* _WHAT TO WORK ON_
The full listing, minus its pictures, should be printed again exactly as it stands.

* _SOURCE MATERIAL_
+ + + + + + +

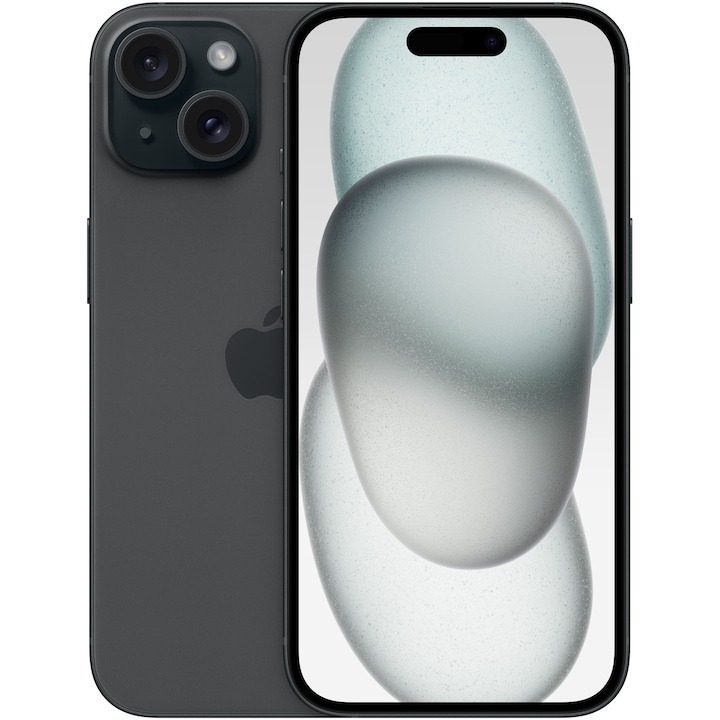 Telefon in rate cu buletinul Apple iPhone 15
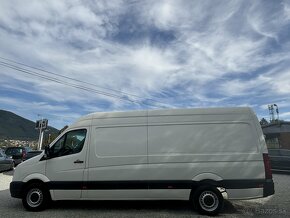 Volkswagen Crafter 2.5 TDI-100kw - 6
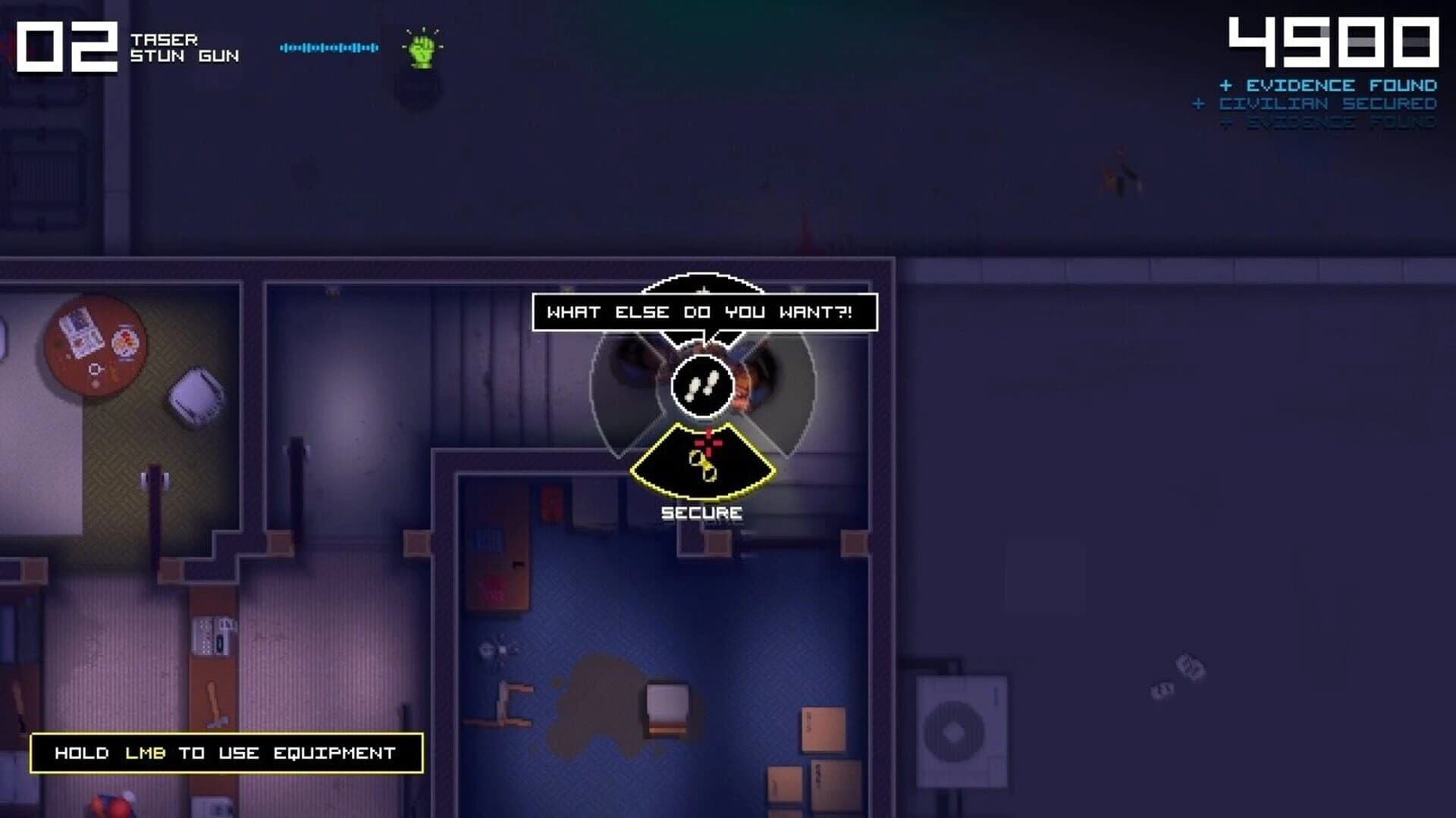 Police Stories: The Academy screenshot 2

+ + + + + + +

* _FINISHED EXERCISE_
 Telefon in rate cu buletinul Apple iPhone 15
 Volkswagen Crafter 2.5 TDI-100kw - 6
 Police Stories: The Academy screenshot 2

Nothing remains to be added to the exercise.